▶ [Task to complete]:
Copy the records below exactly, starting at the line that contains "Tovaglia Antimacchia e" and ending at the line that contains "Репортаж: день рождения"; leave out any pictures.

▶ [Records for this task]:
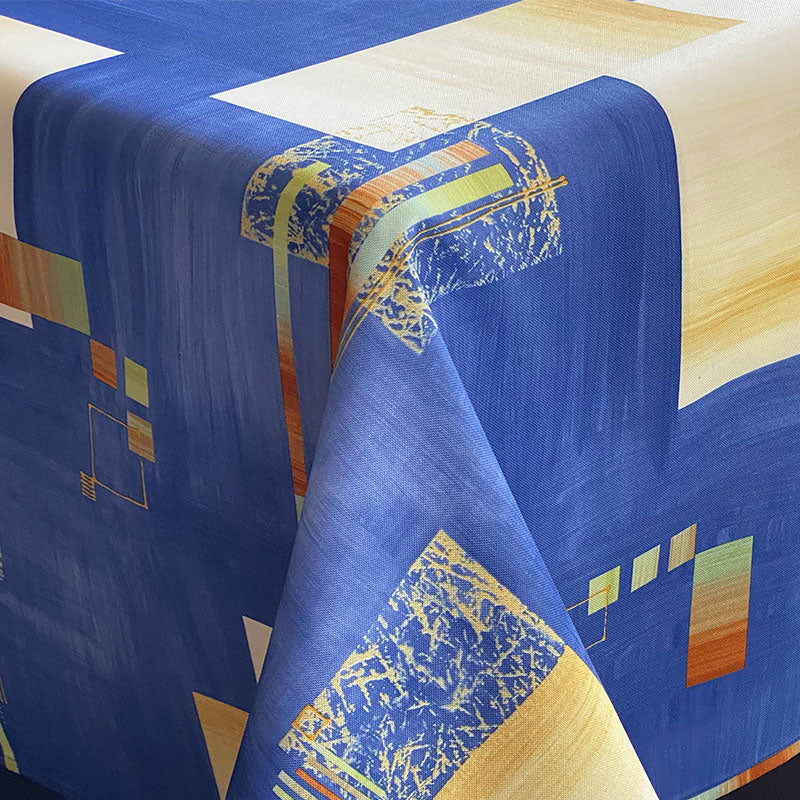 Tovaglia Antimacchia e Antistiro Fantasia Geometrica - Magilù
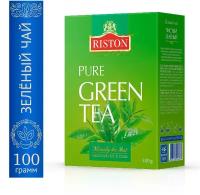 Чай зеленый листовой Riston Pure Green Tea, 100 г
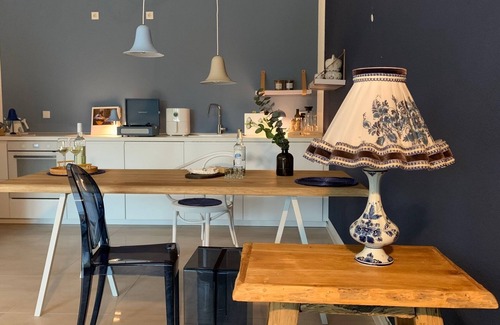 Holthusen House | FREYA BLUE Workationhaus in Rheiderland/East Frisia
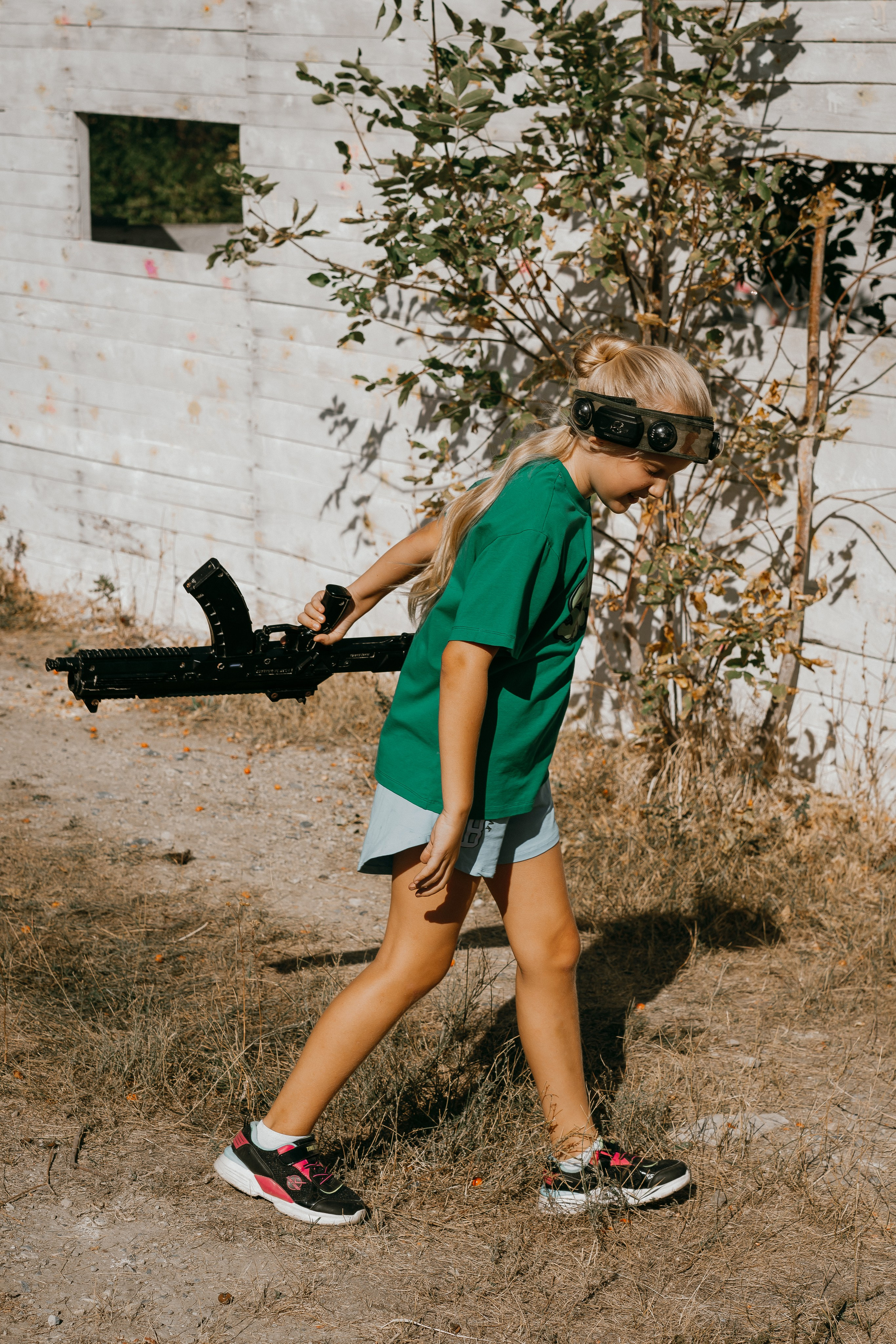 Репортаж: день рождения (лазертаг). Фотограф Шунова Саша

---

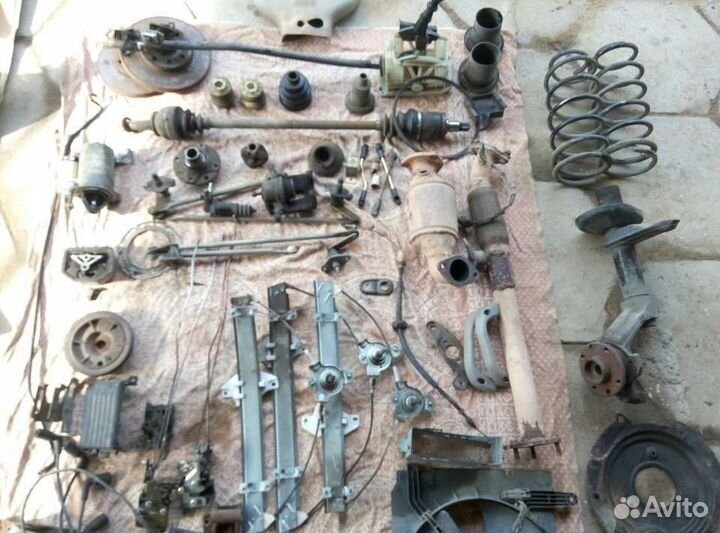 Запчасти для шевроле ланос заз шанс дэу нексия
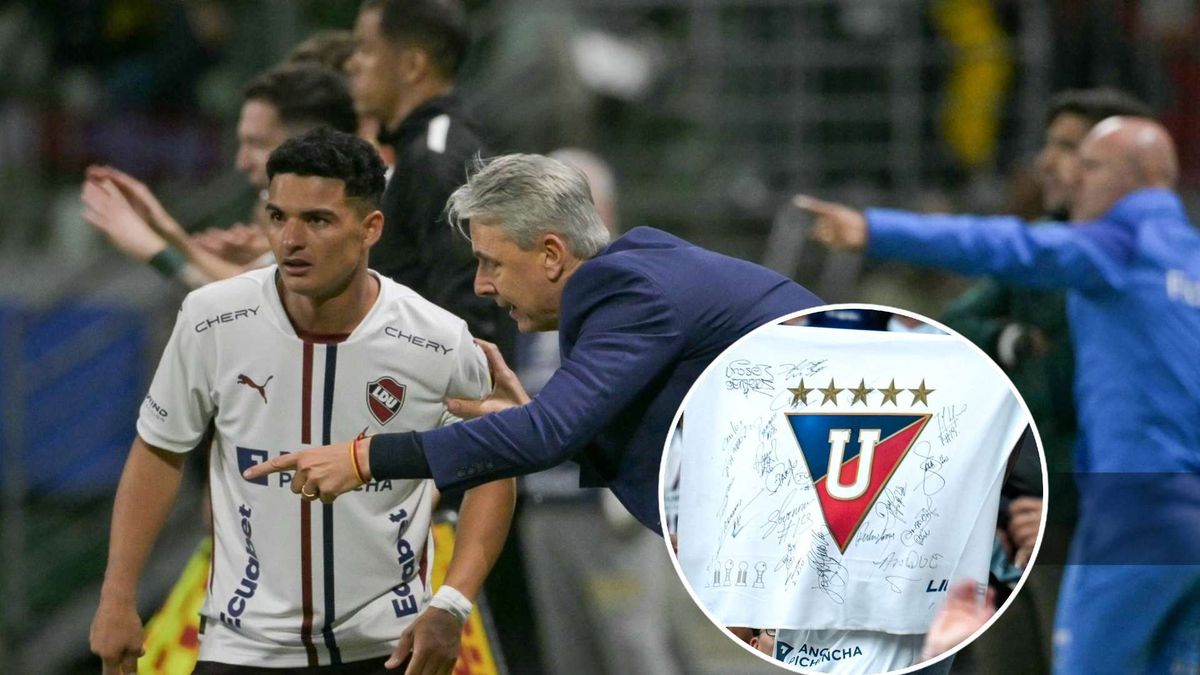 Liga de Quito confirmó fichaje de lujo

▶ [Finished exercise]:
 Tovaglia Antimacchia e Antistiro Fantasia Geometrica - Magilù
 Чай зеленый листовой Riston Pure Green Tea, 100 г
 Holthusen House | FREYA BLUE Workationhaus in Rheiderland/East Frisia
 Репортаж: день рождения (лазертаг). Фотограф Шунова Саша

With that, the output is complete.